Trademarks Commish Deborah Cohn

Q: As we’ve seen recently with the race to trademark Charlie Sheen’s popular sayings (‘Winning! Duh!’), what rights do celebrities have when third parties attempt to trademark their catchphrases and slogans? Can inventors capitalize on a celeb’s phrases?

A: The United States Patent and Trademark Office does not often appear in the “Entertainment” section of the newspaper, but the USPTO sometimes catches a glimpse of Hollywood when celebrities apply to register a catchphrase or slogan. 

Catchphrases and slogans can become readily associated with the celebrities who say them, and there are a number of remedies that the celebrities may attempt to rely on to prevent third parties from using or registering these phrases and slogans as trademarks or service marks.

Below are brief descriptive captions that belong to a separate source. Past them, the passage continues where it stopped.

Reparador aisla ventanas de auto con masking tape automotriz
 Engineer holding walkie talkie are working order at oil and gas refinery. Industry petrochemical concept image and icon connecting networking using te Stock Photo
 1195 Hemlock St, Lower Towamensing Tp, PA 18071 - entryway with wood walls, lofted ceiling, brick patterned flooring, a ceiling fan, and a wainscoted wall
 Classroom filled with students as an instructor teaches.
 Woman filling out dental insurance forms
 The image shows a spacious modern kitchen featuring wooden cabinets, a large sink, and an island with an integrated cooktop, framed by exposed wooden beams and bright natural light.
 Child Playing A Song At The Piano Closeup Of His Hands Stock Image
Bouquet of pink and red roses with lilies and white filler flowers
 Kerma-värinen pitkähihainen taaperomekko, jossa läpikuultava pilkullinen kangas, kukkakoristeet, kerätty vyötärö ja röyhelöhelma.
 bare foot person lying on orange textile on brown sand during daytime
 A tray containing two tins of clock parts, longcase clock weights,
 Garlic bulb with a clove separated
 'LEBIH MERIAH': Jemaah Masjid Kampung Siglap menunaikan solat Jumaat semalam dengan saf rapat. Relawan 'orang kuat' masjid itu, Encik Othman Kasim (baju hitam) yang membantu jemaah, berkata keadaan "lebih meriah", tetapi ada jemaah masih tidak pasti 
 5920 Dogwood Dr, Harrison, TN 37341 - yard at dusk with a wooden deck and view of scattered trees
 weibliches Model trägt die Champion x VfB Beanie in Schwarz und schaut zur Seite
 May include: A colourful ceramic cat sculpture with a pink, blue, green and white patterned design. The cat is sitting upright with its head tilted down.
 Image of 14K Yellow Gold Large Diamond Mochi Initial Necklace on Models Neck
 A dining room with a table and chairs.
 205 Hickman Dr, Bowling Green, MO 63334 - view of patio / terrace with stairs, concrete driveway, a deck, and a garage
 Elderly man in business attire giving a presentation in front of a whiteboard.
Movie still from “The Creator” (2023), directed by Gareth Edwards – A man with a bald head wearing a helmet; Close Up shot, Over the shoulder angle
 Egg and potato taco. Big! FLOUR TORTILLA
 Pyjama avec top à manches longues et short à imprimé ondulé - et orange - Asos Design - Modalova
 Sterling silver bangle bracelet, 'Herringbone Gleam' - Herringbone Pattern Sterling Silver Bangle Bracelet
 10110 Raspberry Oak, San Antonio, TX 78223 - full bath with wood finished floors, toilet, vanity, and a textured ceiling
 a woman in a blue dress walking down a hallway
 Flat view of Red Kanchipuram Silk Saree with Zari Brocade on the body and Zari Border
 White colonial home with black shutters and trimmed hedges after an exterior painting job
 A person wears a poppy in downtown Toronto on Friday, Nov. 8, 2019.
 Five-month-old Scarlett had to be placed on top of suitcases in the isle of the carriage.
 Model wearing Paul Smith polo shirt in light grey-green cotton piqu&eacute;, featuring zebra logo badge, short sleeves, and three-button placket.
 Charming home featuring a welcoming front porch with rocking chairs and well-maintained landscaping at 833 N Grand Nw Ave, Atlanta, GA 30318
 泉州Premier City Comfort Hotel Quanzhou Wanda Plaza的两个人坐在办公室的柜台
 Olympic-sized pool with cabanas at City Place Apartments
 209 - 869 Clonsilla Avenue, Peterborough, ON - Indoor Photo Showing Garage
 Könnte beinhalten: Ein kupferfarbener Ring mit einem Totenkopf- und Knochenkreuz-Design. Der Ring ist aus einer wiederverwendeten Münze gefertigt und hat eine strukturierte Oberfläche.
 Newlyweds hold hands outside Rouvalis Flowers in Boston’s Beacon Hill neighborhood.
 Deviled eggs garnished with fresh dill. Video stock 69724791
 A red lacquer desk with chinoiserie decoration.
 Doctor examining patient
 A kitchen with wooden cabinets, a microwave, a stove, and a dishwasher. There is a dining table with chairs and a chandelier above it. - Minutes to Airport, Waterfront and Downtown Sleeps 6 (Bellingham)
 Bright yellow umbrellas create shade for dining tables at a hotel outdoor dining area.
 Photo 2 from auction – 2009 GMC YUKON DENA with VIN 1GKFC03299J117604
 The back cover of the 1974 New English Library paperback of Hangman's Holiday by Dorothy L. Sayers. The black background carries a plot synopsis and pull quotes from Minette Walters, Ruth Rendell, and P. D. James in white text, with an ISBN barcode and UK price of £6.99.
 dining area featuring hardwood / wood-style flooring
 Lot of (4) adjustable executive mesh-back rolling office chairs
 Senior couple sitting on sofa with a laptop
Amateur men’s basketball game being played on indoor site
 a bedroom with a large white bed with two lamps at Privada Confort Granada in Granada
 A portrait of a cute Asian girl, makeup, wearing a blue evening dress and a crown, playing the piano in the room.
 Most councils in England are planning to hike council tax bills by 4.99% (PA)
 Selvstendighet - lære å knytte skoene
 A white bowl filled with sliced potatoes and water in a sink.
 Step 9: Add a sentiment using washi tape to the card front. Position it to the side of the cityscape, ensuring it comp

Many states recognize a statutory or common law “right of publicity.” The right of publicity is the right of an individual to control the commercial use of his/her personal characteristics. 

In many states, this would include protection for a celebrity’s catchphrases and slogans.  One well-publicized example involved Johnny Carson, who successfully prevented a toilet company from using the famous, “Here’s Johnny,” phrase for its product because of the strong association with the former talk show host.  See Carson v. Here’s Johnny Portable Toilets, Inc., 698 F.2d 831, 218 USPQ 1 (6th Cir. 1983). Most states that do not provide for a “right of publicity” recognize a related “right of privacy” that may cover such claims.

Federal law may also provide some protection for celebrities who wish to stop unauthorized trademark use of their catchphrases and slogans. 

If a third party files an application to federally register the catchphrase or slogan as a trademark or service mark, in appropriate circumstances a celebrity may seek to oppose the registration under Section 2(a) of the Trademark Act, 15 U.S.C. §1052(a). The section bars the registration of a designation that falsely suggests a connection with a person. 

Legislative history shows that the drafters of Section 2(a) sought to incorporate concepts from the rights of publicity and privacy into the statute. The false association may be established regardless of whether the celebrity has used the catchphrase or slogan as a trademark. 

In one example, musician Jimmy Buffett successfully contested a third party’s registration of the term “Margaritaville” in connection with restaurant services because of the close public association of the title of his popular with the performer. See Buffett v. Chi-Chi’s, Inc., 226 USPQ 428 (TTAB 1985). 

More detailed information about false suggestion of a connection under §2(a) can be found in Section 1203.03 of the Trademark Manual of Examining Procedure (TMEP) at http://tess2.uspto.gov/tmdb/tmep/1200.htm#_T120303.   

Additionally, Section 43(a) of the Trademark Act, 15 U.S.C. §1125(a), provides for a false endorsement claim when a celebrity can show that unauthorized use of a designation is likely to confuse or deceive consumers into believing that the celebrity sponsored or approved of the product. 

Moreover, if a celebrity is using the catchphrase or slogan as a trademark or service mark, he or she may be able to file a claim for trademark infringement for use of the slogan on related goods or services. If the mark is determined to be famous, the celebrity might also make a dilution claim.

The major difference between a state’s right of publicity claims and federal claims under the Trademark Act is that Trademark Act claims require a showing of consumer confusion not required under many state laws. However, used together, they provide an effective means for celebrities to protect their intellectual property.